• **What you are asked to do**: Exclude the images and transcribe the entries below precisely.

Records for processing section start

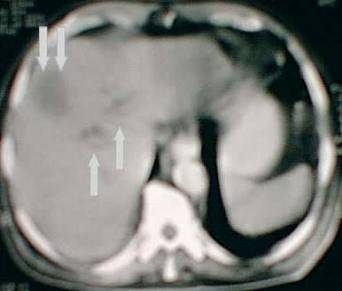 mhtml:file://C:\Documents%20and%20Settings\Yanet%20Acosta%20Piedra\My%20Documents\Medicina\Oriol\Ampuloma\Fot%20del%20mes%20ADENOCARCINOMA%20DE%20LA%20AMPOLLA%20DE%20VATER%20(AMPULOMA).mht!http://www.intermedicina.com/fotos/foto_oct00_B.jpg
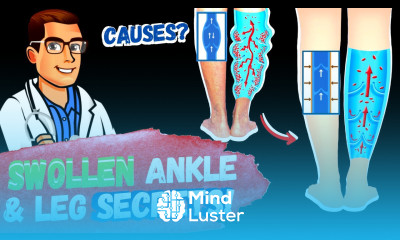 Lymphedema Treatment How to Get Rid of Swollen Feet Ankles Legs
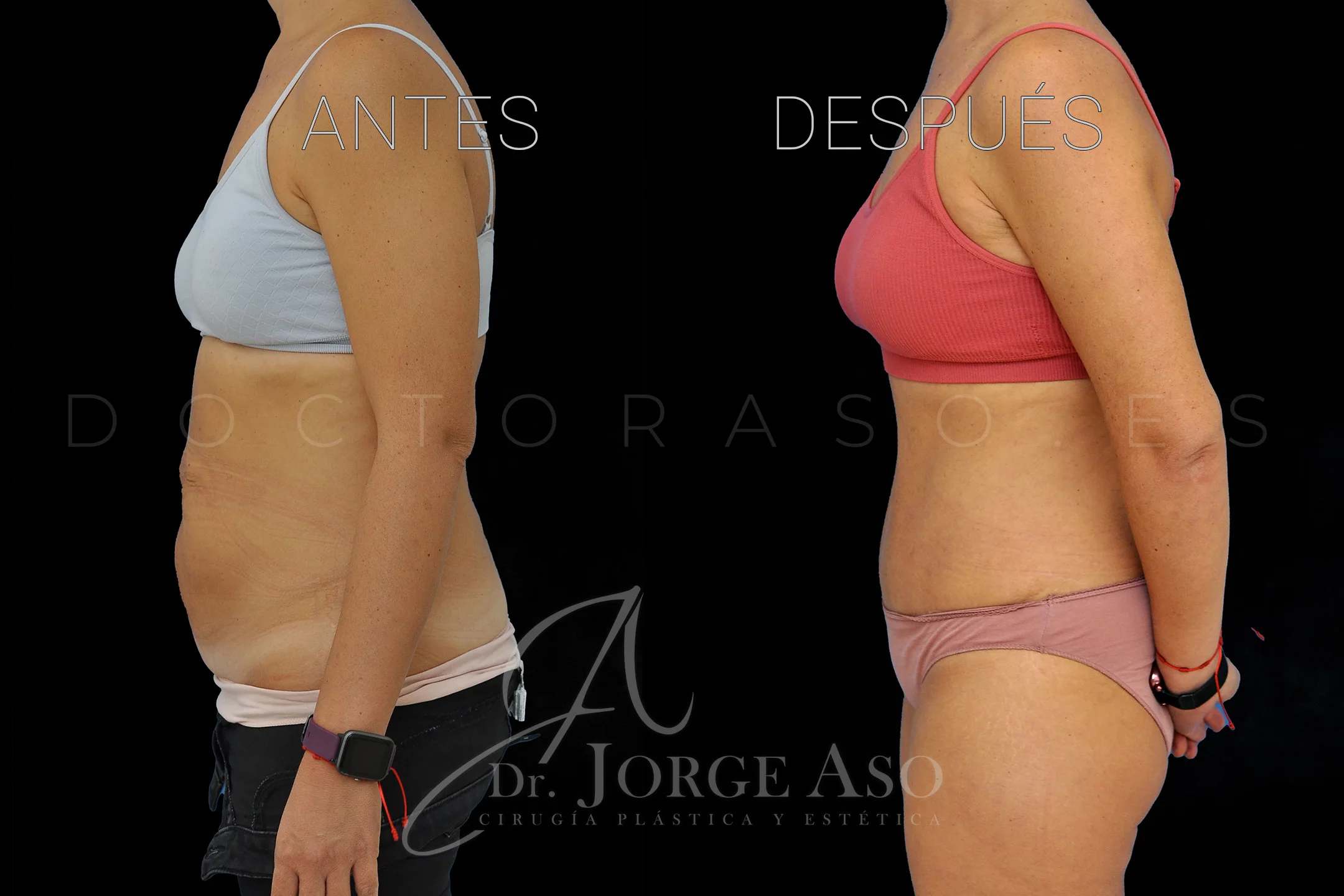 lipoabdominoplastia antes y después con reparación de diástasis de rectos vista lateral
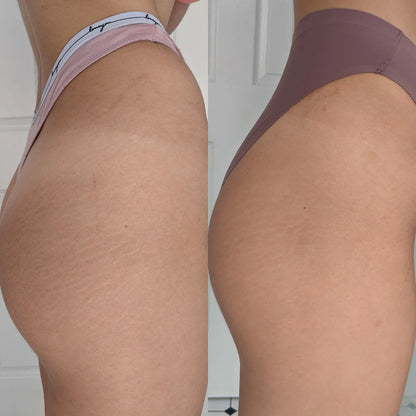 Genova Silicone Scar Gel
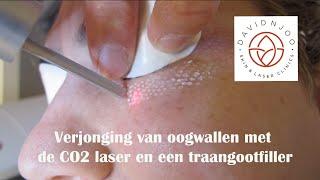 Verjonging van wallen onder de ogen met de CO2 laser en een traangootfiller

Records for processing section end

• **Response to this task**:
 mhtml:file://C:\Documents%20and%20Settings\Yanet%20Acosta%20Piedra\My%20Documents\Medicina\Oriol\Ampuloma\Fot%20del%20mes%20ADENOCARCINOMA%20DE%20LA%20AMPOLLA%20DE%20VATER%20(AMPULOMA).mht!http://www.intermedicina.com/fotos/foto_oct00_B.jpg
 Lymphedema Treatment How to Get Rid of Swollen Feet Ankles Legs
 lipoabdominoplastia antes y después con reparación de diástasis de rectos vista lateral
 Genova Silicone Scar Gel
 Verjonging van wallen onder de ogen met de CO2 laser en een traangootfiller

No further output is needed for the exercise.